Crawled caption data:
● ● ● ● ● ● ●
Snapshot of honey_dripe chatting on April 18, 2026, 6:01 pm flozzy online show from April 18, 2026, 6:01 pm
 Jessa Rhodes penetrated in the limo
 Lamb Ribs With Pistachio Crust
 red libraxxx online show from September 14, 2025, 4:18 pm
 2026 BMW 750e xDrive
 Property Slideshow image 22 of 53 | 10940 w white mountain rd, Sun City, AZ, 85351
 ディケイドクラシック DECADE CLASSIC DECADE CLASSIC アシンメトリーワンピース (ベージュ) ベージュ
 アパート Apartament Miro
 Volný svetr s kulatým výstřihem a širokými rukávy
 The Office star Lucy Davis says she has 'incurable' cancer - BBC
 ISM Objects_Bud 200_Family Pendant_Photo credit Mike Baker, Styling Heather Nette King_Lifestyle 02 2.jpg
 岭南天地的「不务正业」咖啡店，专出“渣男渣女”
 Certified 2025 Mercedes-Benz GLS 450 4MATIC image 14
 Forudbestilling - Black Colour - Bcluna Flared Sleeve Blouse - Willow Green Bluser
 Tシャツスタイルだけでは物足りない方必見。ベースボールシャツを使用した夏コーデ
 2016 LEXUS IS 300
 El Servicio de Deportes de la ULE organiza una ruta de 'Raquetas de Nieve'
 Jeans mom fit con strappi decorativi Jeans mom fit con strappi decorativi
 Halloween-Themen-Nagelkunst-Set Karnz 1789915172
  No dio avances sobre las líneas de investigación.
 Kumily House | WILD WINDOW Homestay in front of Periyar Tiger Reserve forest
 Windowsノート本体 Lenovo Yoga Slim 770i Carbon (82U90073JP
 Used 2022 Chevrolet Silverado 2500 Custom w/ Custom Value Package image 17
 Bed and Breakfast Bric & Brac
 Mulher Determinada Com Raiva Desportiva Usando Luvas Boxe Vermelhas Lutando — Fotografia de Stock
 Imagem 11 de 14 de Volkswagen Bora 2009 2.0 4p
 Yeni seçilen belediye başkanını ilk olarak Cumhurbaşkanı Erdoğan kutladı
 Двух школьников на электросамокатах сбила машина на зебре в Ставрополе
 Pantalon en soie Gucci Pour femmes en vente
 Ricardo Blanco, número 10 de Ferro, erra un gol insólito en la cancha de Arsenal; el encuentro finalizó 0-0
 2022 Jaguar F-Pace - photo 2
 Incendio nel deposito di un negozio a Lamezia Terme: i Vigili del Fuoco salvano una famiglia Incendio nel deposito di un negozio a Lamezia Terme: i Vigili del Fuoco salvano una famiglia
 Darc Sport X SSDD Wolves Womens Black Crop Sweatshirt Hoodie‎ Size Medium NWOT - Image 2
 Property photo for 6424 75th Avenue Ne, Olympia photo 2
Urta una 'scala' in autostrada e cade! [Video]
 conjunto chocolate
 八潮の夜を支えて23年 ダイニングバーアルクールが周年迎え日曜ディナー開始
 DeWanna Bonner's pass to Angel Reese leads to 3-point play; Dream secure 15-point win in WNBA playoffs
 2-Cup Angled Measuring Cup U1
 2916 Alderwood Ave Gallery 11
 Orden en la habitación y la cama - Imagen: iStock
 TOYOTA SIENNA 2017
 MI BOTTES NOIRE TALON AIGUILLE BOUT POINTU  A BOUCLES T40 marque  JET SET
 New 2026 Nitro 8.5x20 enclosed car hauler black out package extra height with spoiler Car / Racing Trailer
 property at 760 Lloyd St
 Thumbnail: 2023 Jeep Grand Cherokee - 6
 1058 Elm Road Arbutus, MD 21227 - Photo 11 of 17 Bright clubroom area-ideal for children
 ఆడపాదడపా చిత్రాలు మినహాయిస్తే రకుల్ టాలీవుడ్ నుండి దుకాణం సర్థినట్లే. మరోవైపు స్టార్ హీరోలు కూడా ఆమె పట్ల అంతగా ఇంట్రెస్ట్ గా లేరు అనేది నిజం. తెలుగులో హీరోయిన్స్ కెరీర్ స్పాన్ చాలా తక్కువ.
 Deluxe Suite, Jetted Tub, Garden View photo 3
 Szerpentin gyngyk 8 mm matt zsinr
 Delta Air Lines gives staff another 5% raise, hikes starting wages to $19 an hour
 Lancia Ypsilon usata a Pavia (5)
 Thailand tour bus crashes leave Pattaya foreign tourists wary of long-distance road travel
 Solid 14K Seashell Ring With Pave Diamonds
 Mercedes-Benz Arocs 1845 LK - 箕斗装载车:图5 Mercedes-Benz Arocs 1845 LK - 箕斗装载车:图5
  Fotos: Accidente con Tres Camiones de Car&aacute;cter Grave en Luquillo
● ● ● ● ● ● ●
WORK ORDER: Could you retype exactly the lines from the first one of the records through the line containing "Certified 2025 Mercedes-Benz", both included, and nothing more?

RESPONSE AREA:
Snapshot of honey_dripe chatting on April 18, 2026, 6:01 pm flozzy online show from April 18, 2026, 6:01 pm
 Jessa Rhodes penetrated in the limo
 Lamb Ribs With Pistachio Crust
 red libraxxx online show from September 14, 2025, 4:18 pm
 2026 BMW 750e xDrive
 Property Slideshow image 22 of 53 | 10940 w white mountain rd, Sun City, AZ, 85351
 ディケイドクラシック DECADE CLASSIC DECADE CLASSIC アシンメトリーワンピース (ベージュ) ベージュ
 アパート Apartament Miro
 Volný svetr s kulatým výstřihem a širokými rukávy
 The Office star Lucy Davis says she has 'incurable' cancer - BBC
 ISM Objects_Bud 200_Family Pendant_Photo credit Mike Baker, Styling Heather Nette King_Lifestyle 02 2.jpg
 岭南天地的「不务正业」咖啡店，专出“渣男渣女”
 Certified 2025 Mercedes-Benz GLS 450 4MATIC image 14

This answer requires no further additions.